WHAT THE TASK REQUIRES >> Return only the lines from the start of the records through the line that contains "Une chambre d’hôtel", inclusive; leave out all pictures.

----------------------------------------

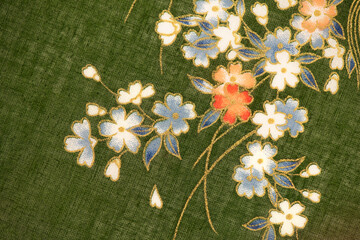 White flowers part of the old japanese fabric pattern on green background.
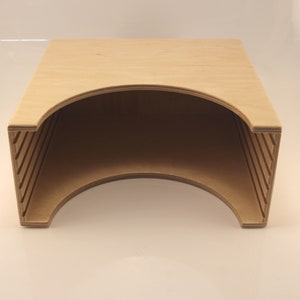 Puede incluir: Una caja de almacenamiento de madera con una abertura curva y una serie de listones en los lados. La caja es de madera marr&oacute;n claro y est&aacute; vac&iacute;a.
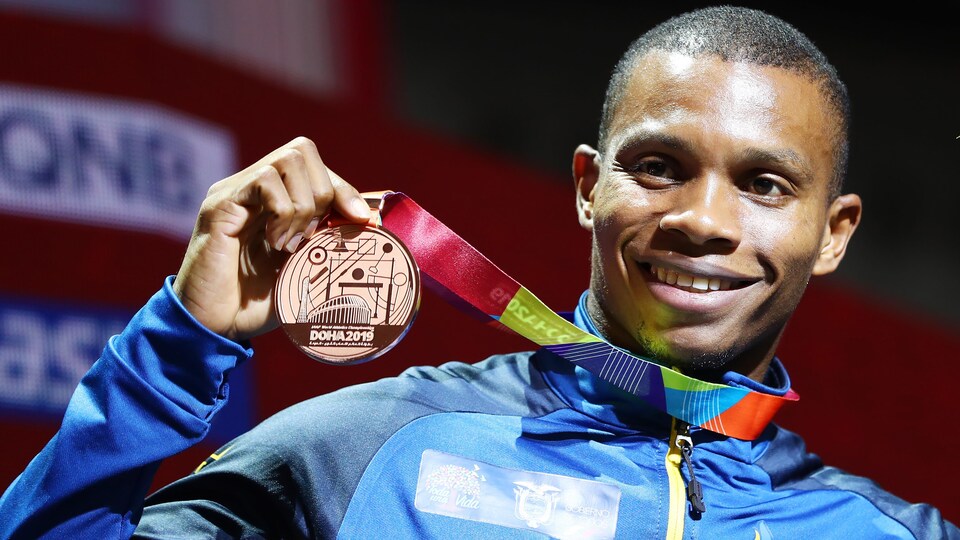 Alex Quinonez tient sa médaille de bronze bien haut de la main droite et un bouquet de fleurs de la main gauche.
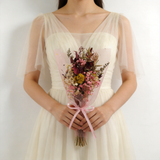 Blush and burgundy dried bouquet wrapped in pink tulle with a satin ribbon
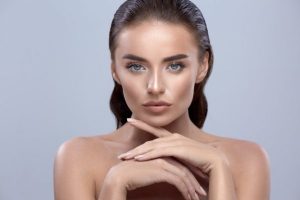 beautiful-woman-on-grey-background-touching-face-beauty-girl-closeup-brunette-model-face-pretty-face-with-arms_355000-2830-600x400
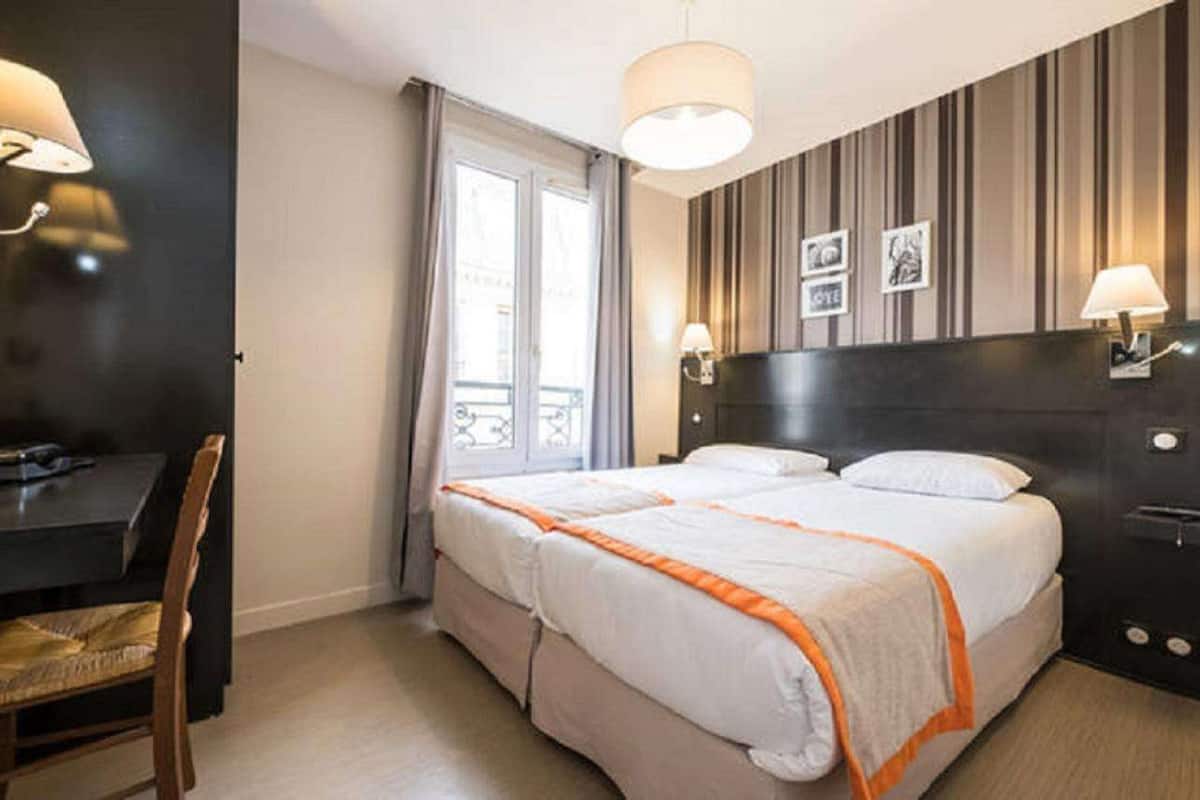 Une chambre d’hôtel avec un lit, un bureau et une chaise. Il y a deux lampes de chevet et une fenêtre avec des rideaux.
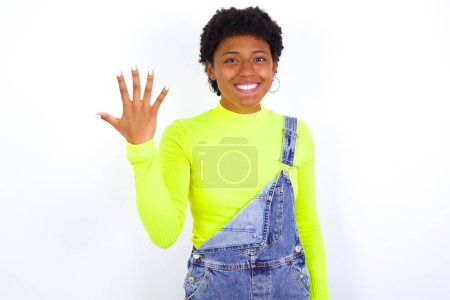Téléchargez les photos : Jeune femme afro-américaine avec les cheveux courts portant le denim dans l'ensemble contre le mur blanc souriant et regardant amical, montrant numéro cinq ou cinquième avec la main vers l'avant, compte à rebours - en image libre de droit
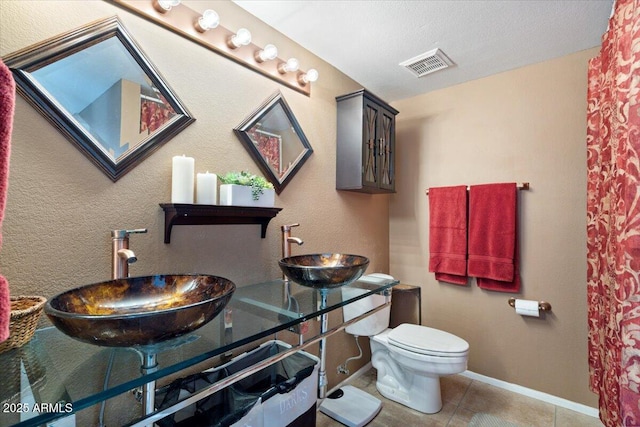 16510 E Palisades Blvd Unit 42, Fountain Hills, AZ 85268 - bathroom featuring a sink, tile patterned flooring, toilet, and baseboards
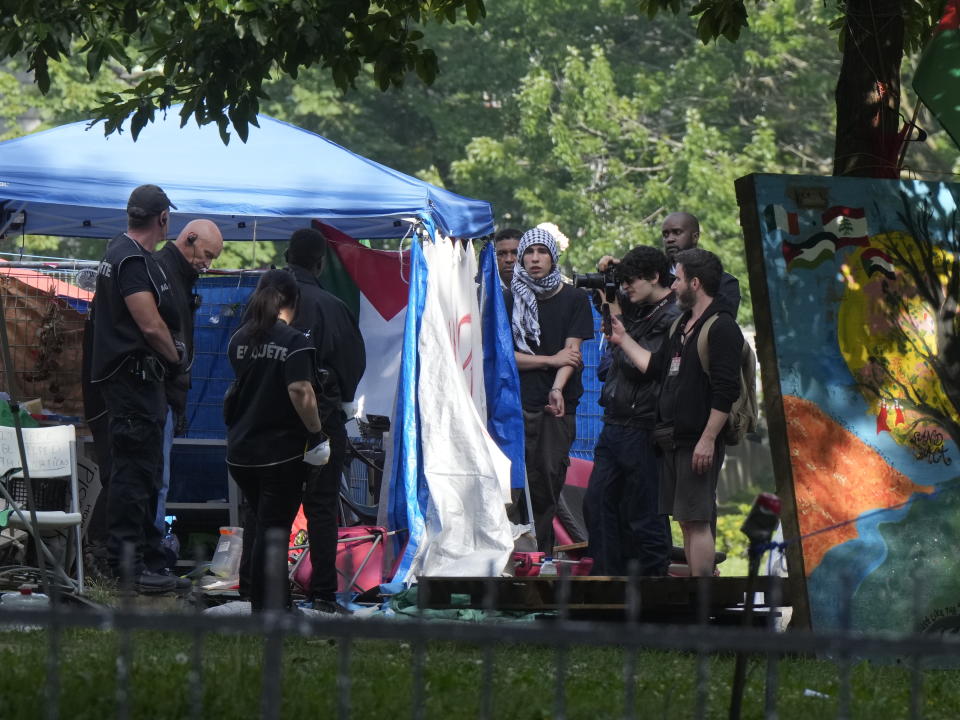 Security moves in on an encampment at McGill University in Montreal, Wednesday, July 10, 2024. The university closed its downtown campus as police descended in large numbers to help clear a pro-Palestinian encampment. (Ryan Remiorz/The Canadian Press via AP)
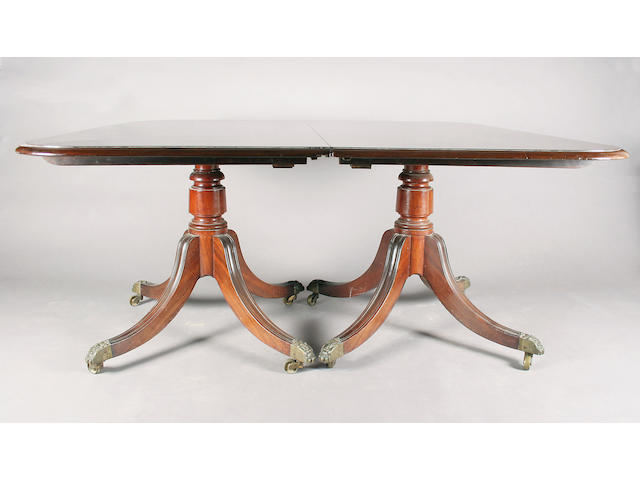 An early 19th century mahogany twin pedestal dining table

----------------------------------------

ANSWER TO THIS TASK >>
 White flowers part of the old japanese fabric pattern on green background.
 Puede incluir: Una caja de almacenamiento de madera con una abertura curva y una serie de listones en los lados. La caja es de madera marr&oacute;n claro y est&aacute; vac&iacute;a.
 Alex Quinonez tient sa médaille de bronze bien haut de la main droite et un bouquet de fleurs de la main gauche.
 Blush and burgundy dried bouquet wrapped in pink tulle with a satin ribbon
 beautiful-woman-on-grey-background-touching-face-beauty-girl-closeup-brunette-model-face-pretty-face-with-arms_355000-2830-600x400
 Une chambre d’hôtel avec un lit, un bureau et une chaise. Il y a deux lampes de chevet et une fenêtre avec des rideaux.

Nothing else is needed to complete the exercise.